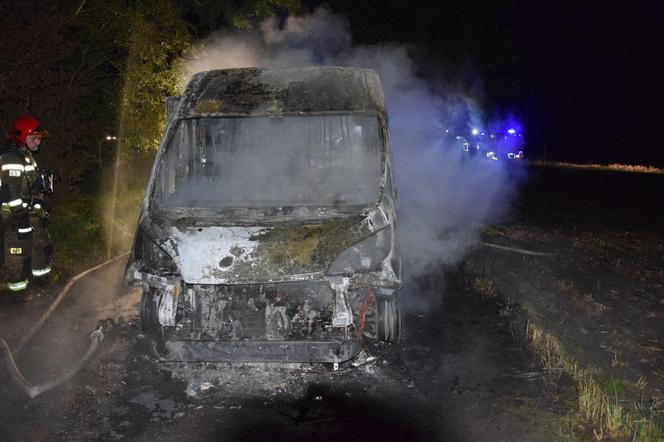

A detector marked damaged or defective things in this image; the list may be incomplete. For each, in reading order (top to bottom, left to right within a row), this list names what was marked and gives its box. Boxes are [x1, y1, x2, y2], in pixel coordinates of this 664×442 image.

burnt dashboard area [145, 280, 366, 342]
charred van body [126, 65, 402, 362]
burnt van [126, 65, 404, 362]
burnt front wheel [376, 296, 402, 344]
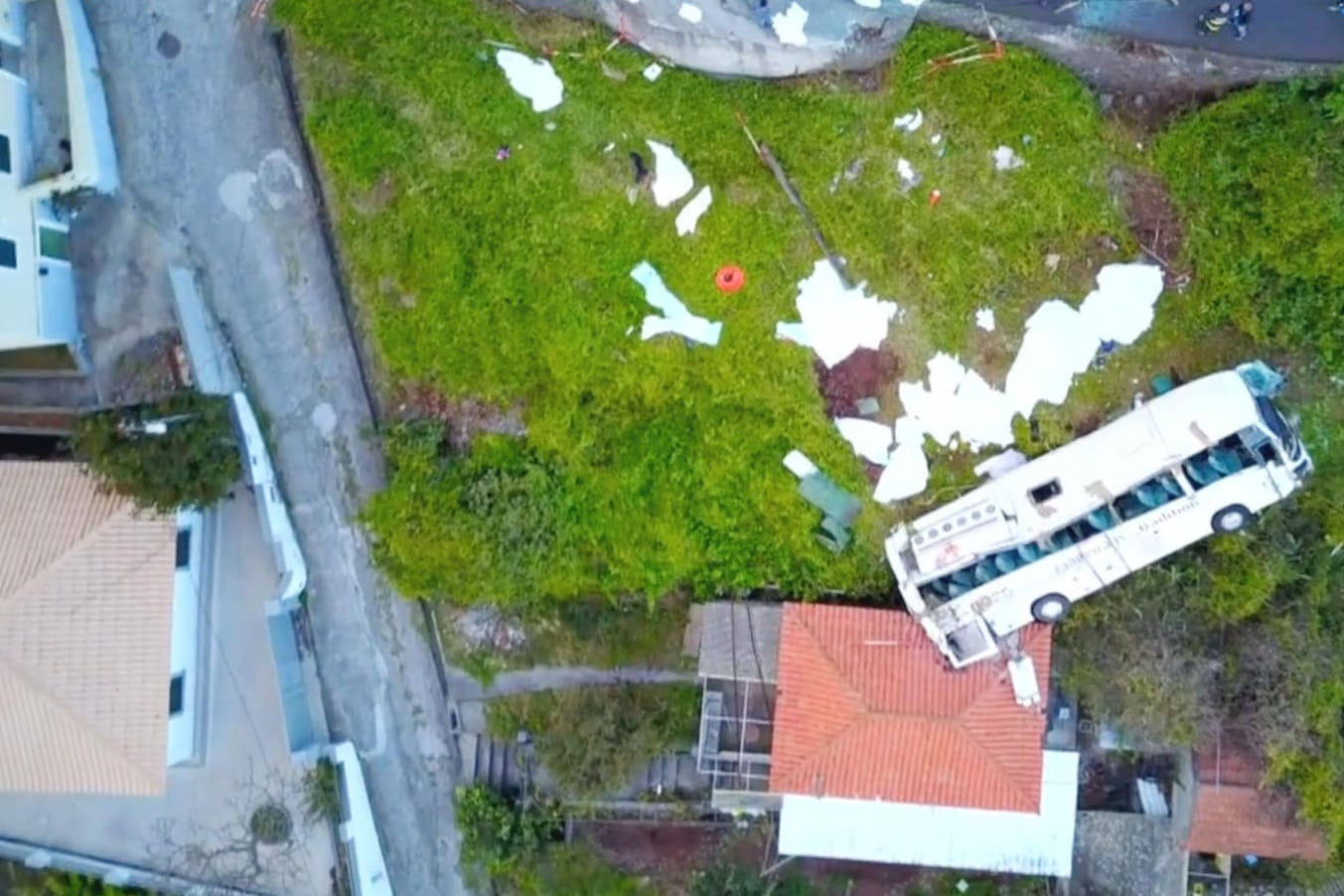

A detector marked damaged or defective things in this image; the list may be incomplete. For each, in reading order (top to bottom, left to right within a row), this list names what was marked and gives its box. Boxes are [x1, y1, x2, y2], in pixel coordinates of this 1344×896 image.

crashed white bus [882, 368, 1311, 672]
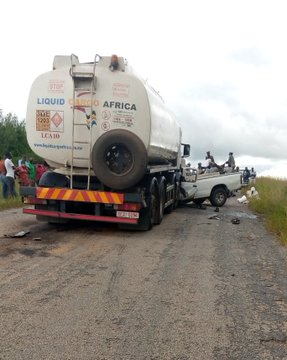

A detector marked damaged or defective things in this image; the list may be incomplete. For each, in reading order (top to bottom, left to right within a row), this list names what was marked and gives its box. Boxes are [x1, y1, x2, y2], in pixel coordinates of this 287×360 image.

crushed pickup truck [180, 165, 243, 207]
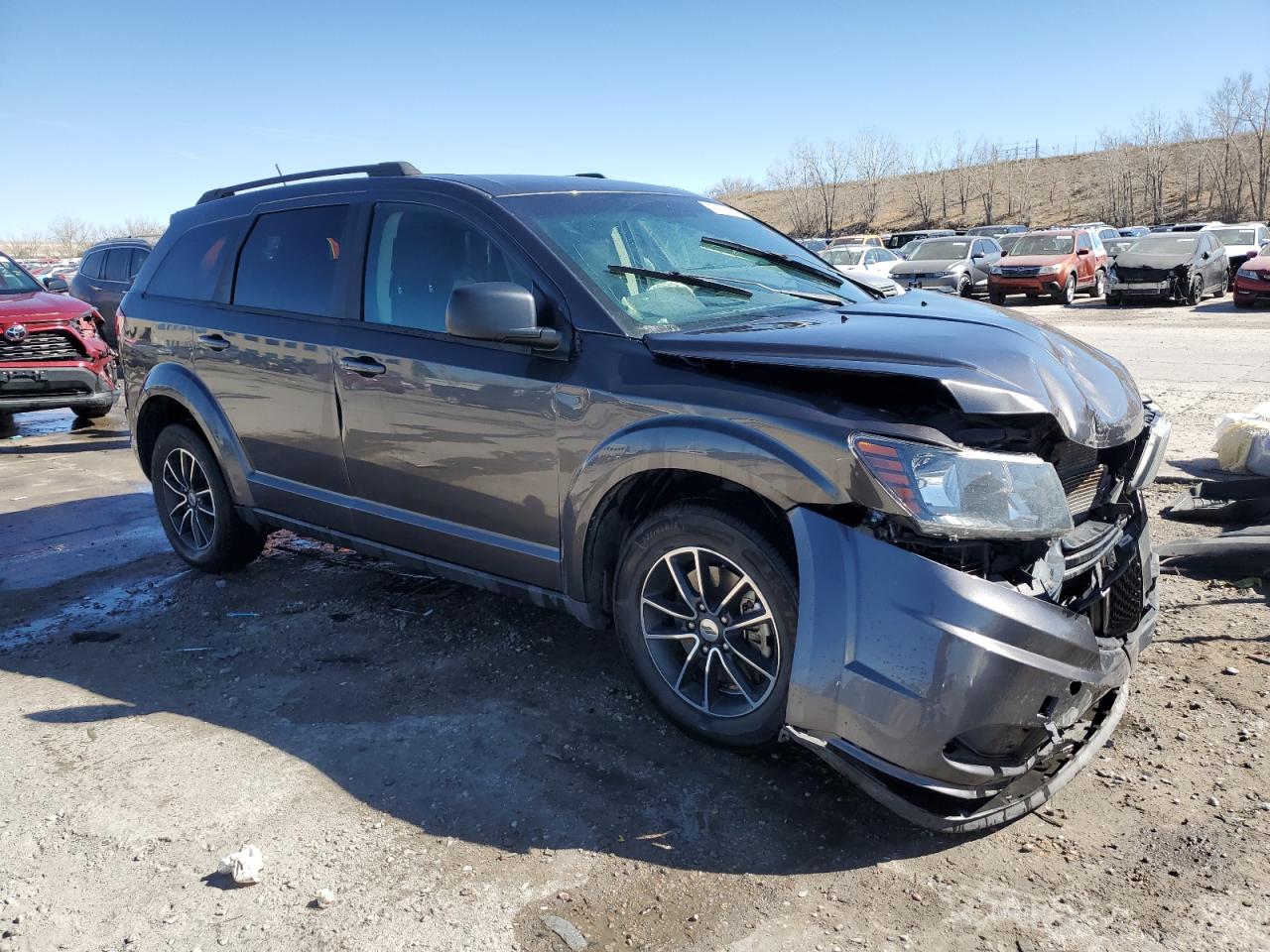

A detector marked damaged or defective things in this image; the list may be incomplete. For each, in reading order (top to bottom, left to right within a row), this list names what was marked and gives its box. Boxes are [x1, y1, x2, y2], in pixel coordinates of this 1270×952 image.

damaged red car [0, 251, 118, 423]
crumpled fender [135, 360, 254, 508]
broken headlight [853, 436, 1072, 540]
damaged front bumper [777, 508, 1158, 832]
crushed front end [782, 406, 1168, 832]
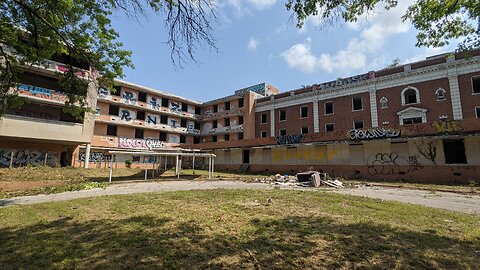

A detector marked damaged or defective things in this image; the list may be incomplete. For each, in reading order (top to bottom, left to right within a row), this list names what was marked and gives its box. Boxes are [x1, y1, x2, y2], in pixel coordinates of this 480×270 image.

broken window [444, 139, 466, 165]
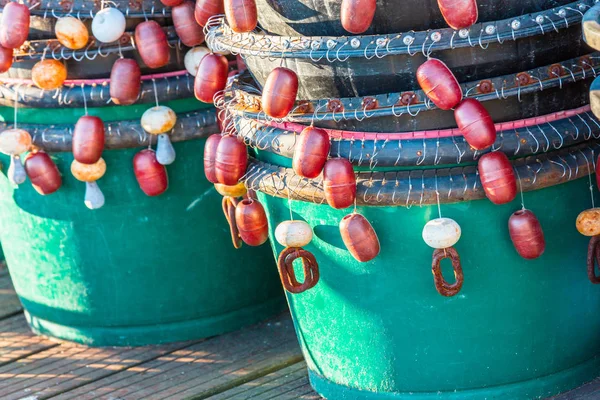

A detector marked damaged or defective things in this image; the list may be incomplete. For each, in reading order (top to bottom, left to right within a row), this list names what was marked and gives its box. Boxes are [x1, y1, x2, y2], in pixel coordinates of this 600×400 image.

rusty metal clip [278, 247, 322, 294]
rusty metal clip [432, 247, 464, 296]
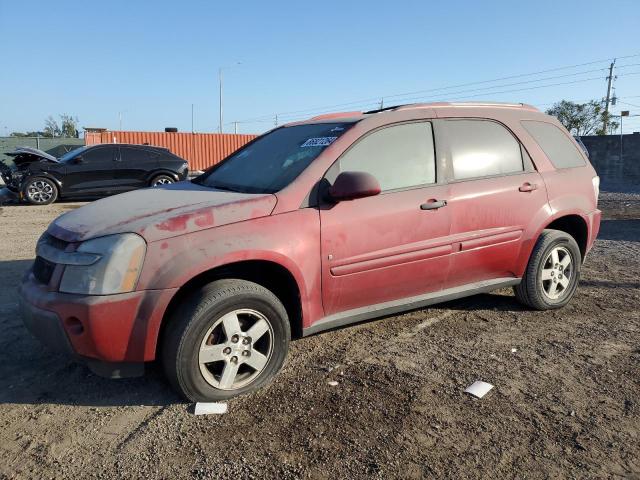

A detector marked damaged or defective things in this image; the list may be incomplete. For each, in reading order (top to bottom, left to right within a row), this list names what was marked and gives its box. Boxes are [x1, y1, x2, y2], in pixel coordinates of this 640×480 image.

damaged black car [0, 143, 189, 203]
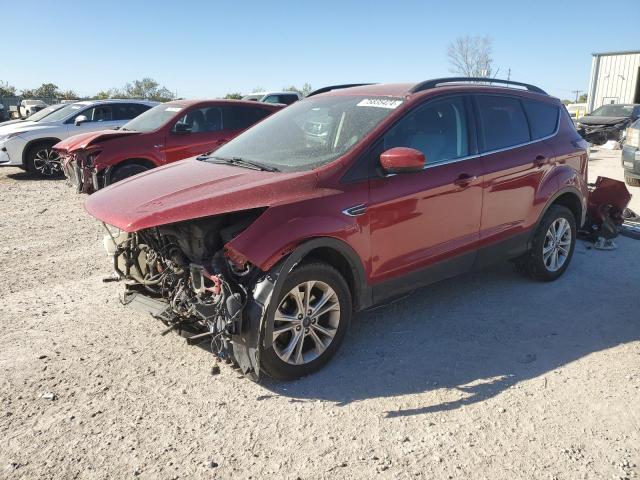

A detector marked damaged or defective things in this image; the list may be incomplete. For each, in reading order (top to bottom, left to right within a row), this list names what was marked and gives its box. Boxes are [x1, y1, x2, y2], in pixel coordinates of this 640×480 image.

crumpled hood [54, 130, 141, 153]
crumpled hood [86, 158, 320, 232]
damaged headlight area [103, 210, 268, 378]
damaged front end [102, 208, 276, 380]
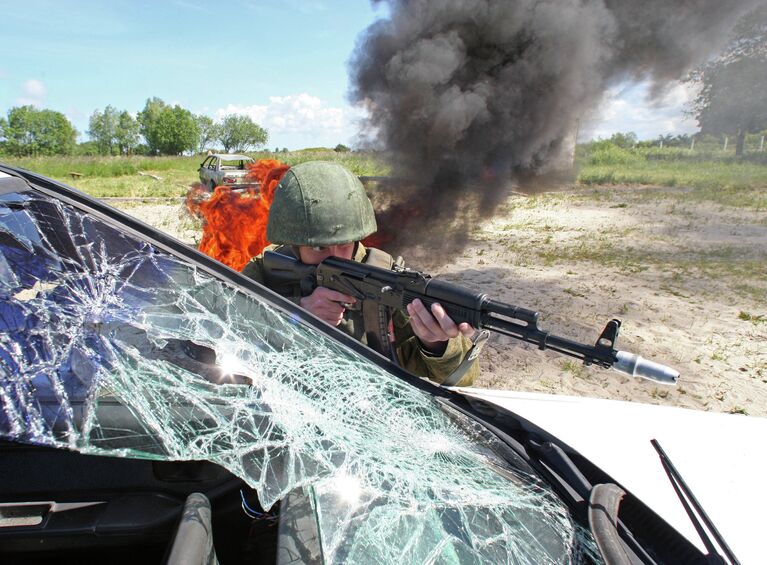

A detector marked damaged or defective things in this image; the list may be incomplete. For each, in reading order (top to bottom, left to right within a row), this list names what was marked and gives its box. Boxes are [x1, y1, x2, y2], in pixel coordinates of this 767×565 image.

burned vehicle [198, 154, 258, 192]
shattered windshield [0, 174, 596, 560]
burned vehicle [0, 161, 756, 560]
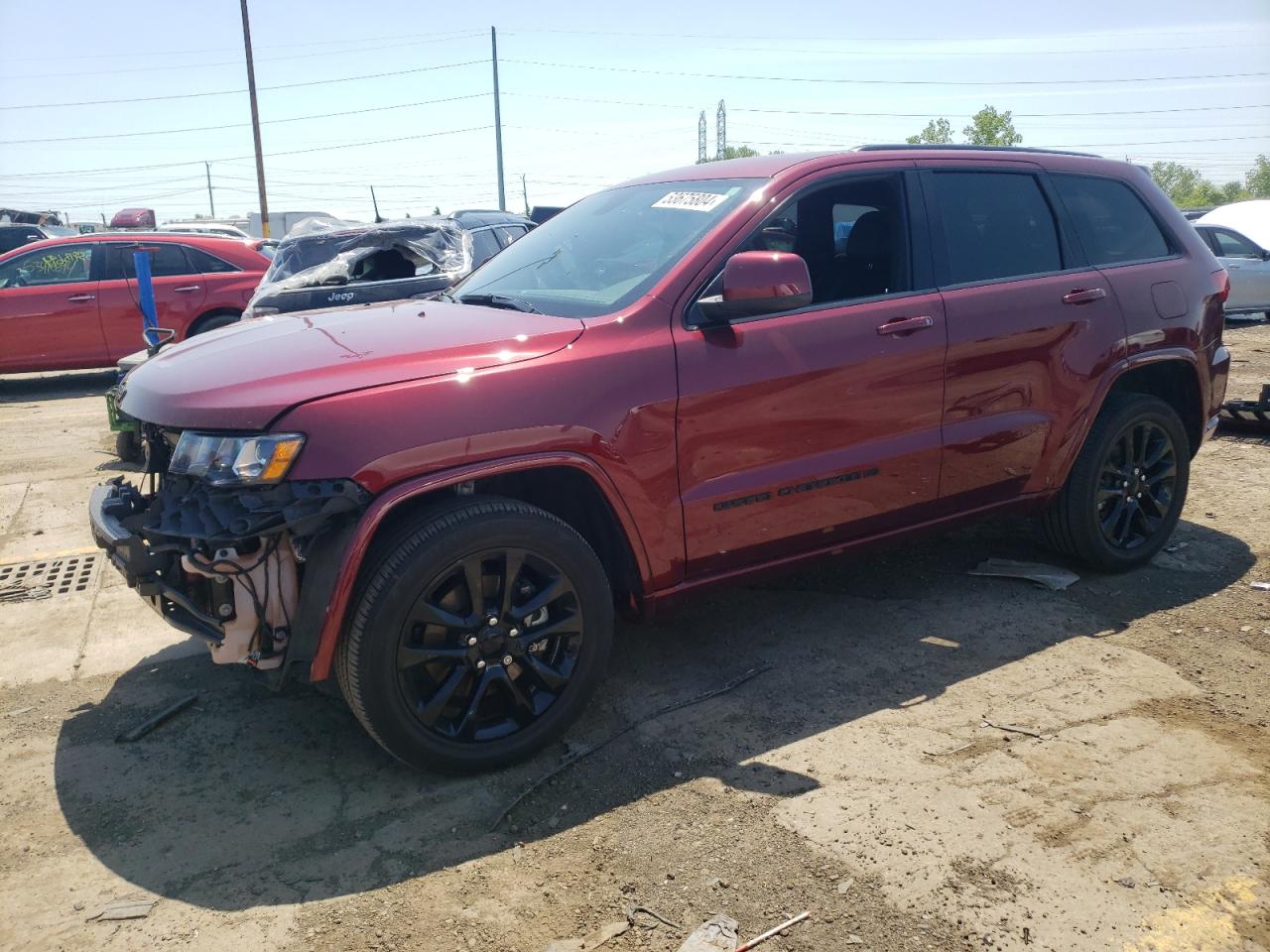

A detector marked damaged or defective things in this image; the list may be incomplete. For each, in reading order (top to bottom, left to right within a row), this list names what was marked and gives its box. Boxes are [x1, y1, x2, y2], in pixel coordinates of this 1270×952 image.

Your goal
Reproduce exactly the part of the records above that begins at the line holding "this 767×565 image." and ends at the final line, both included, leaving out the pictures.

Answer section
A detector marked damaged or defective things in this image; the list may be incomplete. For each, in reading order (top to bottom, left to right within a row), this list names what was marked and gives its box. Boxes are [x1, y1, x2, y2], in pixel coordinates of this 767×565 image.

burned vehicle [198, 154, 258, 192]
shattered windshield [0, 174, 596, 560]
burned vehicle [0, 161, 756, 560]

A detector marked damaged or defective things in this image; the list may be incomplete. For each, in reading order (top to bottom, left to right within a row), this list names what was marked and gives its box. Boxes are [x1, y1, x2, y2], in pixel coordinates of this 1270×952 image.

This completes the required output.